Decía… que además del ultraje a nuestro monedero para ver la TVE1 —que es gratis… bueno, gratis no, que ya la pagamos con nuestros impuestos— otra fuente de ingresos seguros para todo hospital, es el botín recaudado a expensas de los familiares y amigos que vienen a vernos —algunos más que otros, también es verdad— y que además de las monedas que espléndidamente nos obsequian, se toman un café… y otro… y una cerveza… y una coca-cola… y ya de paso nos dejan algunos litros de agua para que no nos tengamos que levantar. Y, naturalmente, como algunos vienen de lejos, pues se quedan a comer… en la cafetería del centro, donde con mucha suerte —pero, mucha mucha... aunque la suerte no existe, ¿verdad?— podrán dar buena cuenta de un menú distinto del que comen los pacientes ingresados. Por cierto, ¿por qué estarán diciendo siempre éstos que la comida de hospital es horrible? Cada vez tengo más claro, que esto es una confabulación para que nosotros no vayamos, porque donde no se come bien nadie vuelve, ¿o sí?

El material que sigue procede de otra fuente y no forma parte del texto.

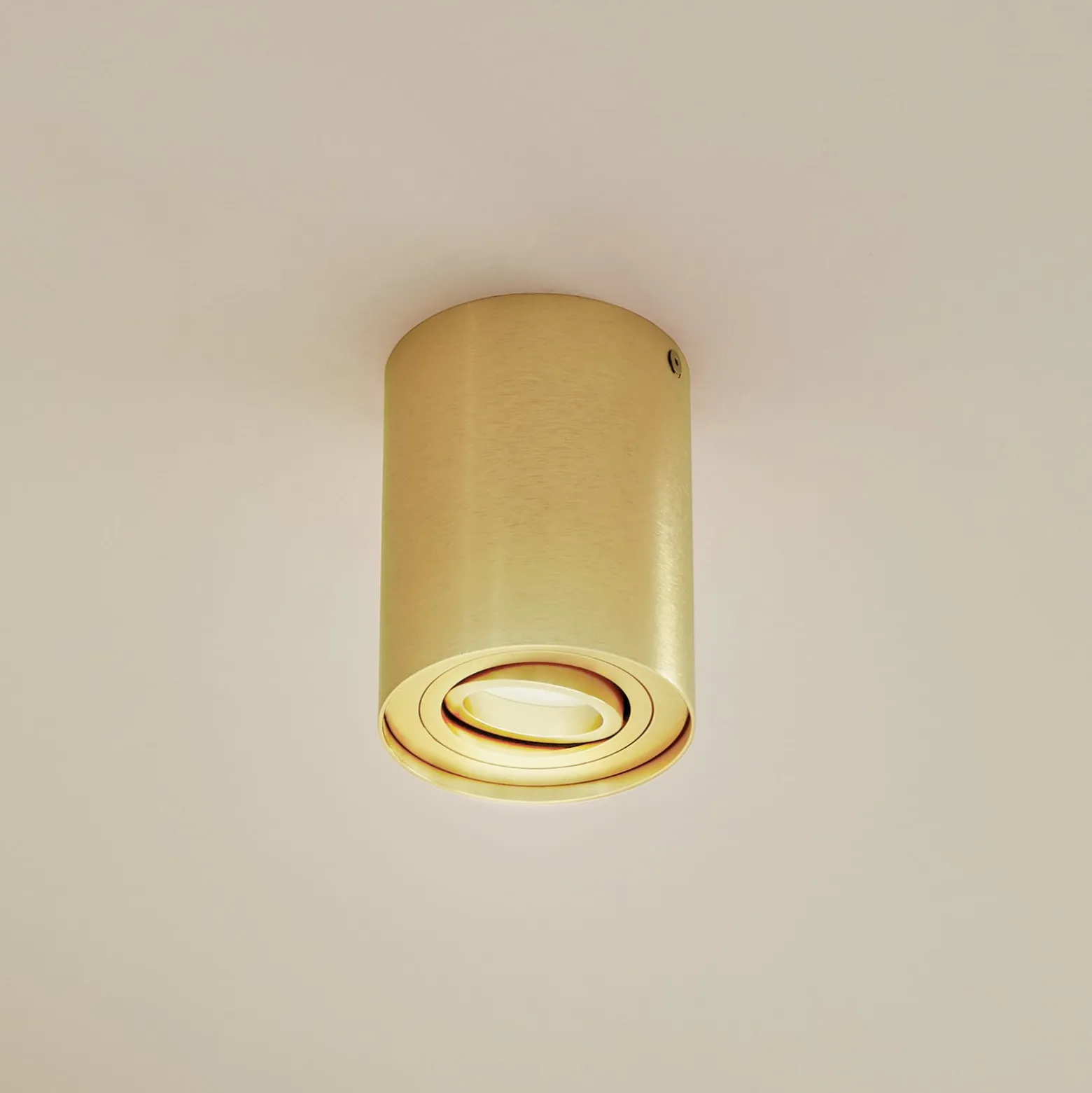 Arcchio Deckenspot Jolina, rund, gold, 13 cm, Metall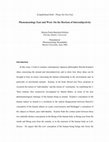 Research paper thumbnail of Phenomenology East and West: On the Horizon of Intersubjectivity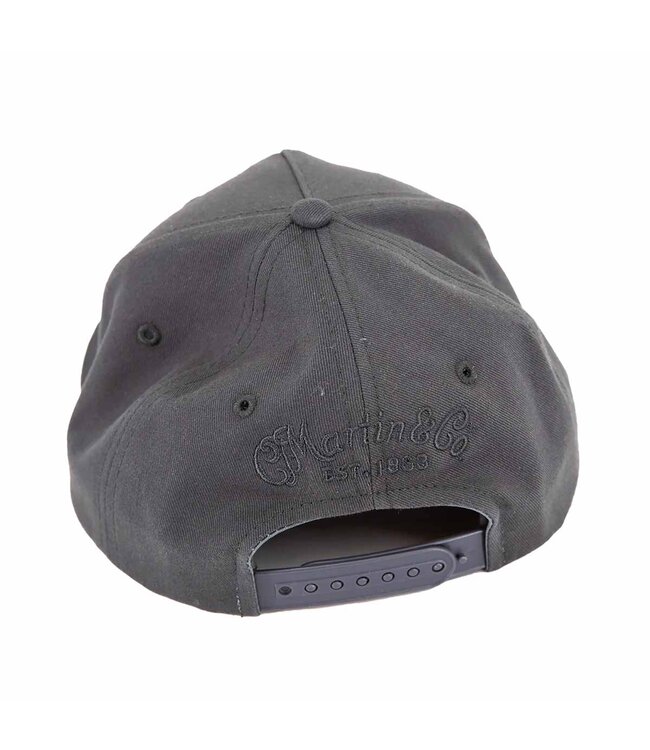 Martin 1833 Flat Brim Baseball Cap - Charcoal
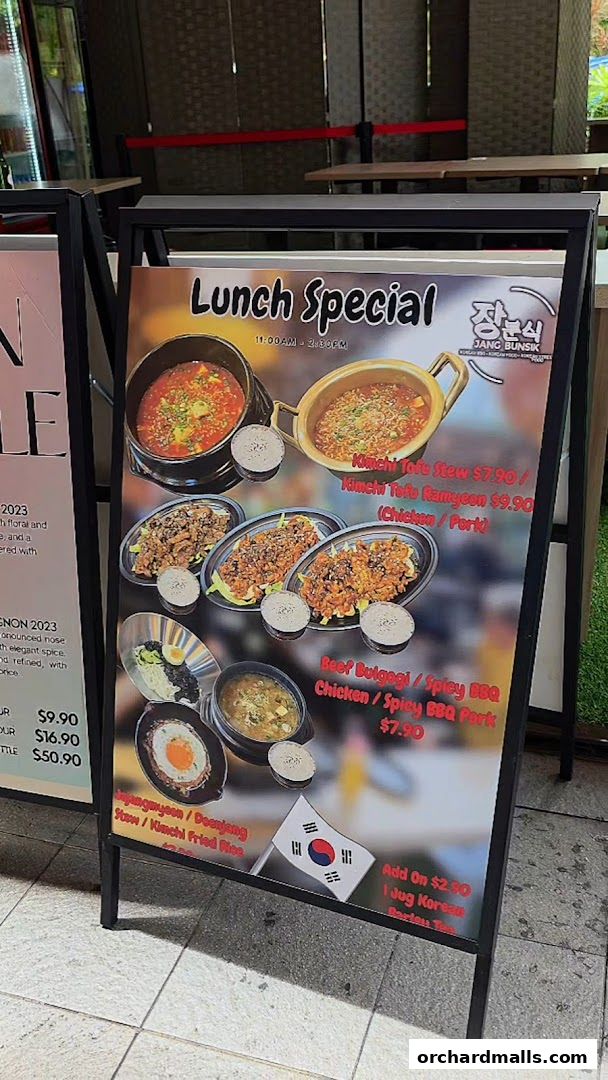 Menu page for Picnic Food Hall, Far East Plaza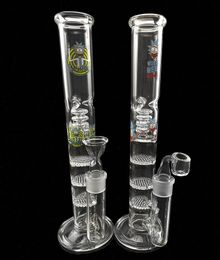 Bongs Triple Percolator Bong Water Pipes Ash Catcher Birdcage Perc Dab Rigs 18.8mm Joint Oil Rig Glass Oil Burner toroglassart shop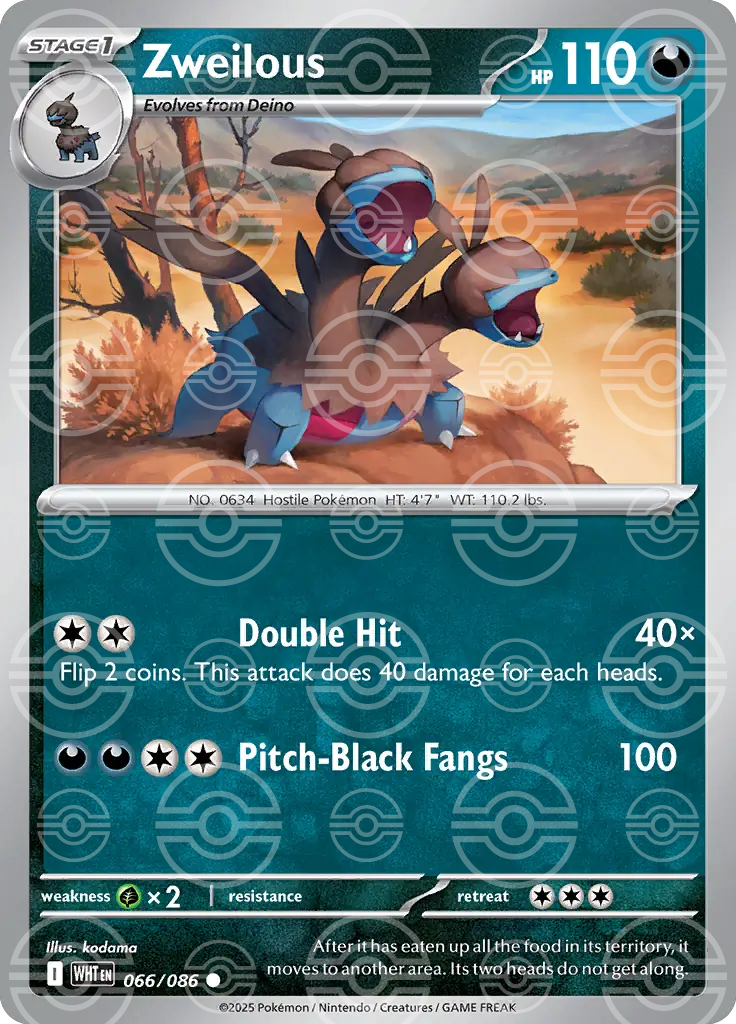 Zweilous 066/086 (SV: White Flare)  - Holofoil | Good Games Adelaide SA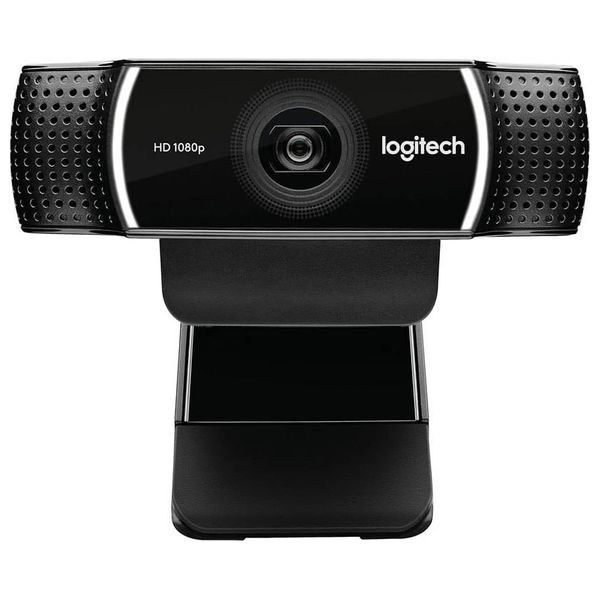  Logitech C922 HD Pro Streaming Camera - 1080P/30FPS or 720P/60FPS Resolution - Dual Stereo Microphones - Autofocus Glass Lens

Ya sin blanca, preocupémonos del ambiente que se respira en la habitación… en cualquiera, la de nuestro abuelo por ejemplo. El anciano, que está ya más que harto de trabajar, pagar facturas y que encima le sableen sus hijos y nietos, solo aspira a encontrar un poco de paz ahora que está ingresado… lejos de los suyos. Pero el abuelo ignora lo mucho que le queremos todos, así que ¿cómo le vamos a dejar solo en este trance? Así que, sin ponernos de acuerdo en cuanto al régimen de visitas —algún día lo hará un juez— nos vamos en grupo todos a la misma hora. El abuelo fue un hombre que tuvo muy claro eso de hacer grande España, así que, en los ratos de ocio y siempre que no hubieran toros, se dedicaba a darle un disgusto de nueve meses a la abuela... Casi uno por año, hasta que la abuela descubrió que cuando no había toros había fútbol y cuando no, cualquier otra cosa... como un dolor fuerte de cabeza. Así que, la numerosa prole de 8 ó 9 hijos, con sus correspondientes, además de los pequeños —que los más grandes tienen otros planes— se van de acampada con el abuelo.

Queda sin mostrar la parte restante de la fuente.